As a teenager politics was a fervent passion, but after three months as a junior political reporter in the Victorian Parliament in 1969, disenchantment with our democratic system displaced my commitment to politics.
Five years later, living in Franco’s Spain teaching English and studying Spanish, my personal experience of fascism rekindled my political enthusiasm.
The totalitarian regime, where people were afraid to criticise the government, let alone protest for fear of persecution, torture and imprisonment, dissipated my cynicism and disillusionment with politics in the West.

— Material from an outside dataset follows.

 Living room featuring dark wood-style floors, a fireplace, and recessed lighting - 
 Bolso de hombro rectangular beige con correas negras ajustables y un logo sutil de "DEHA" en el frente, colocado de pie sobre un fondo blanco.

Many people were scared into silence. When I attempted to converse with one middle-aged man about the country’s system, he assumed I was a Francophile “spy” masquerading as an innocent traveller and shut up.
Currently, with mistrust of governments permeating popular political perspectives, it is imperative to acknowledge the positives about democracy across the Western world.
It is simplistic to herald its demise as Harvard professors Steven Levitsky and Daniel Ziblatt do in “How Democracies Die”, asserting “Elected autocrats maintain a veneer of democracy while eviscerating its substance.”
Yet to read their book, it appears many leaders seemingly betray their stated commitment to democracy – for example, Erdogan in Turkey, who imprisoned thousands for participating in a supposed coup against his government.
Perhaps we should perceive Western politics in the present imperfect, appreciating politicians are not infallible, sagacious saints.
A significant issue perhaps is the values people associate with democracy; that politicians will intrinsically be honest, transparent and responsible and more significantly, care about their citizen’s lives, respecting and legislating liberty for all.
But acumen and amity have never been all pervasive in parliaments, worldwide.
Despite problems with our politics, it is important to understand that unlike countries like China, Russia, North Korea and Cambodia, people in the West can protest reasonably in the streets and express dissent without fear of retribution.
Fortunately in Australia, we can voice our different opinions with relative impunity, inspiring us to maintain faith in our politicians to ensure democracy here does not die by atrophy, apathy or antipathy.